DATA BLOCK:
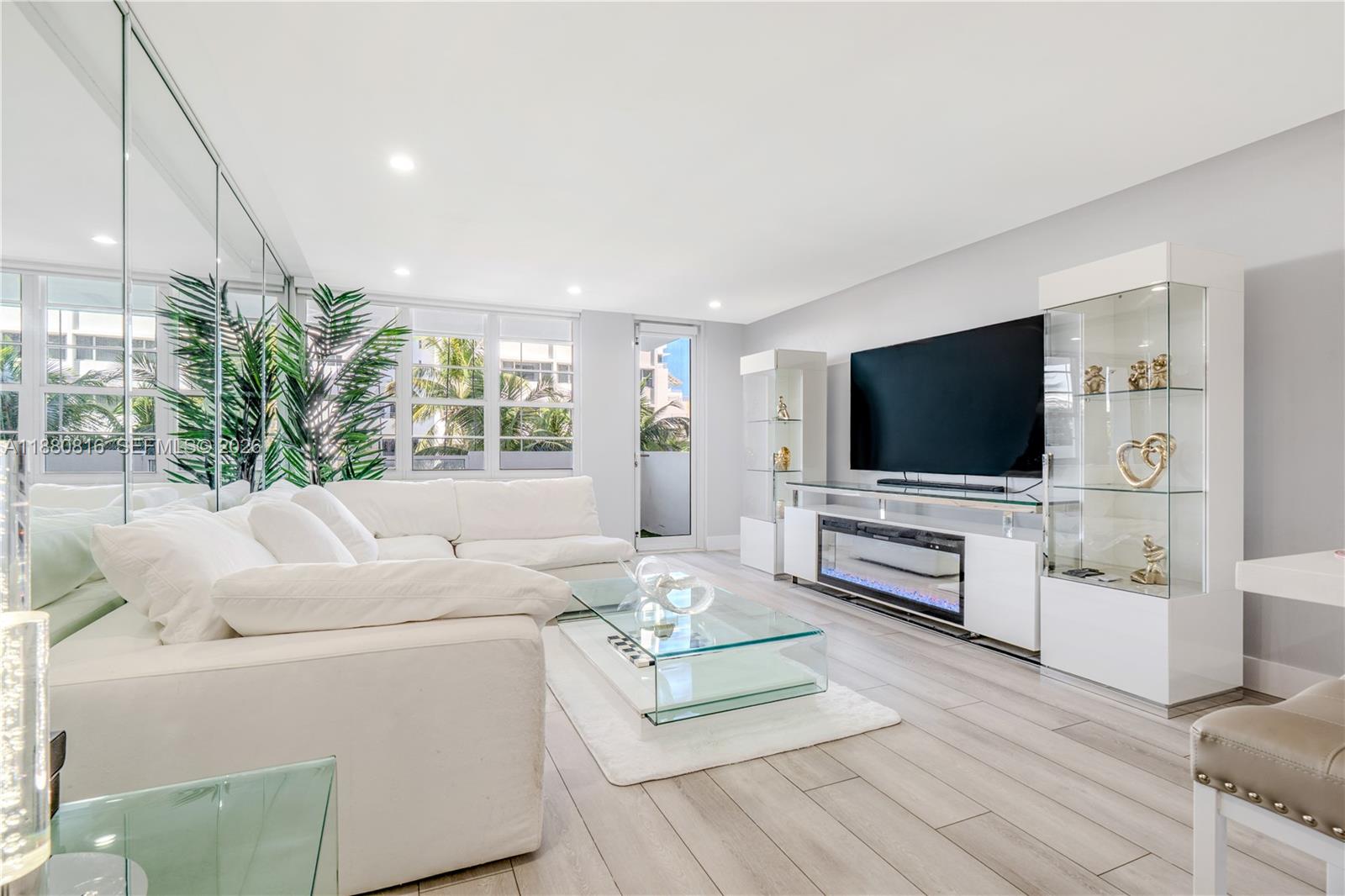 100 Lincoln Rd # 323, Miami Beach FL 33139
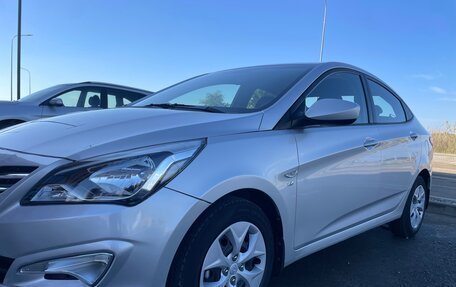 Hyundai Solaris II рестайлинг, 2015 год, 860 000 рублей, 8 фотография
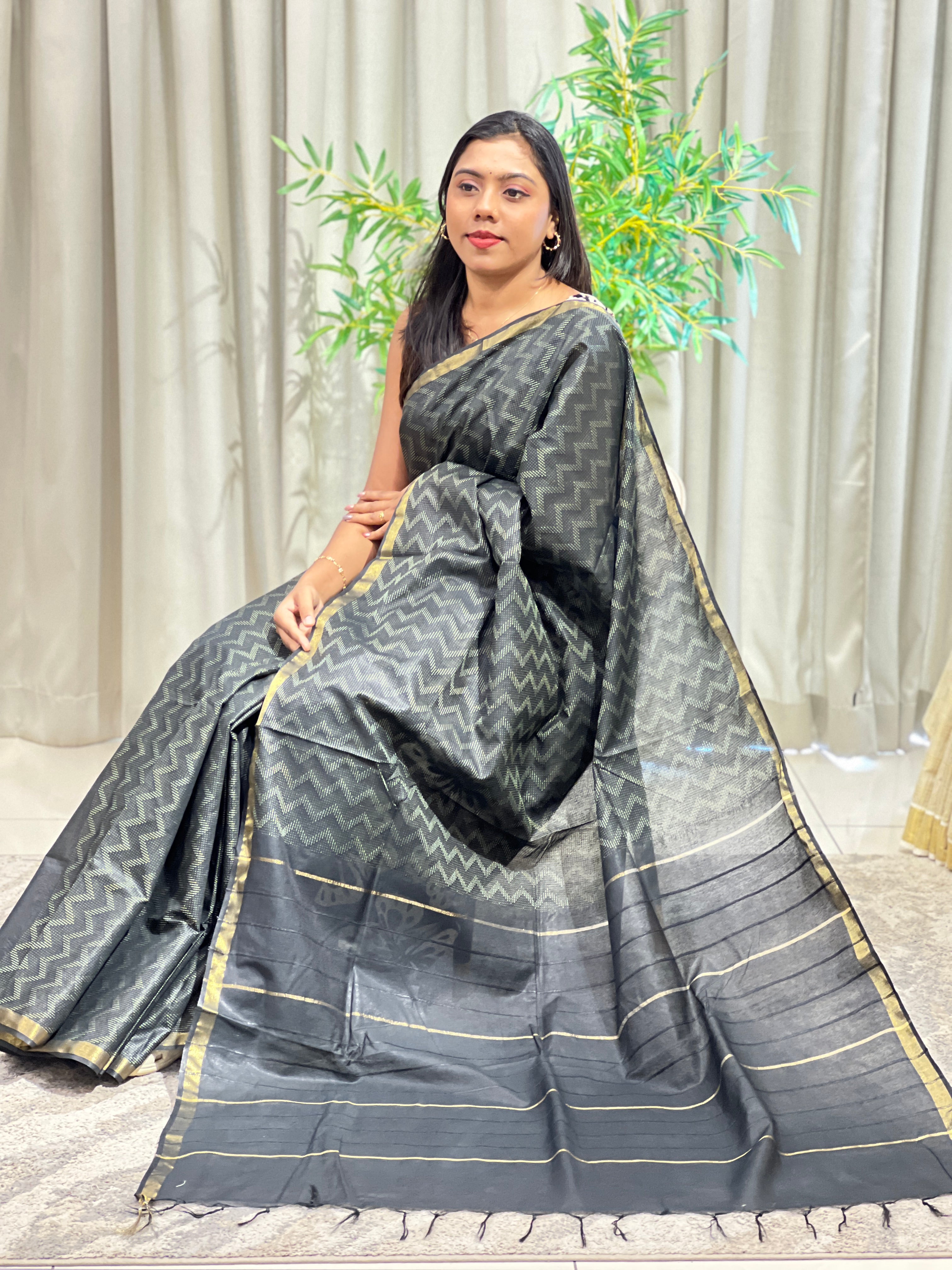 Zig Zag Pattern Bhagalpuri Linen Saree | NHH668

WORK TO BE COMPLETED:
The pictures are not wanted, but every line of the listing should be duplicated exactly.

RESULT OF THIS TASK:
 100 Lincoln Rd # 323, Miami Beach FL 33139
 Hyundai Solaris II рестайлинг, 2015 год, 860 000 рублей, 8 фотография
 Zig Zag Pattern Bhagalpuri Linen Saree | NHH668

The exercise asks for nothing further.